Start of RECORDS

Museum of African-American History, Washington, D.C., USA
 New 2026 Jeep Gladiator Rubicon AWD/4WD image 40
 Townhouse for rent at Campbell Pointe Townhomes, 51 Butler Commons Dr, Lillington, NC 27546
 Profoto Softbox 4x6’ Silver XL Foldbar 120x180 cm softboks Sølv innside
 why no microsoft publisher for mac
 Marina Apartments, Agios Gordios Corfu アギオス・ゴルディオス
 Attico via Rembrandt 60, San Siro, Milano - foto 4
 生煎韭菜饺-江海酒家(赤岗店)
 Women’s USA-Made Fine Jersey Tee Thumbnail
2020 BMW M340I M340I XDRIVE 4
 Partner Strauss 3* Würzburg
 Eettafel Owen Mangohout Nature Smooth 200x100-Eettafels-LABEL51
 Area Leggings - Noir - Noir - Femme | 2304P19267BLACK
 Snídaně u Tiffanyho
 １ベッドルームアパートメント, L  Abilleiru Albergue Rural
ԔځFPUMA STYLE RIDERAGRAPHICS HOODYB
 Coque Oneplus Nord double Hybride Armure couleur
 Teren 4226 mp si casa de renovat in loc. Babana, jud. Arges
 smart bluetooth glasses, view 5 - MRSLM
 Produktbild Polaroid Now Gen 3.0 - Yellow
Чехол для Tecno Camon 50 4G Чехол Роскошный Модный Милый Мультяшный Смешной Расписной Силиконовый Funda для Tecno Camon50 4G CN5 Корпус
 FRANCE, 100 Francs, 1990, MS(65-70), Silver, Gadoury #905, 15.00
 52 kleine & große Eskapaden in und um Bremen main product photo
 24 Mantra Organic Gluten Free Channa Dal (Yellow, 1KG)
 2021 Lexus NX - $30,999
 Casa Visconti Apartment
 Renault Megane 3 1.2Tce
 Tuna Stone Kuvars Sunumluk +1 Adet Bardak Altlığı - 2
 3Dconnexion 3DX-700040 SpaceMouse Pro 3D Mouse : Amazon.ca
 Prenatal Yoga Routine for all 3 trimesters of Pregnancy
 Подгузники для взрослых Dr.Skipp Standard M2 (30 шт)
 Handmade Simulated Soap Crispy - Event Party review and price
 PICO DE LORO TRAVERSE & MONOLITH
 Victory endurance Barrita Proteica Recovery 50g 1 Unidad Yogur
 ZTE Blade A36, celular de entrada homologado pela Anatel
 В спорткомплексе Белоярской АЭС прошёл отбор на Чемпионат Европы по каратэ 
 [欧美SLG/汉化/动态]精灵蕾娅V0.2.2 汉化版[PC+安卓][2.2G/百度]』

End of RECORDS

PROBLEM –
Make an exact copy of each line, beginning at the one containing "В спорткомплексе Белоярской" and ending with the last line of the data, and of no other line.

FINAL ANSWER –
 В спорткомплексе Белоярской АЭС прошёл отбор на Чемпионат Европы по каратэ 
 [欧美SLG/汉化/动态]精灵蕾娅V0.2.2 汉化版[PC+安卓][2.2G/百度]』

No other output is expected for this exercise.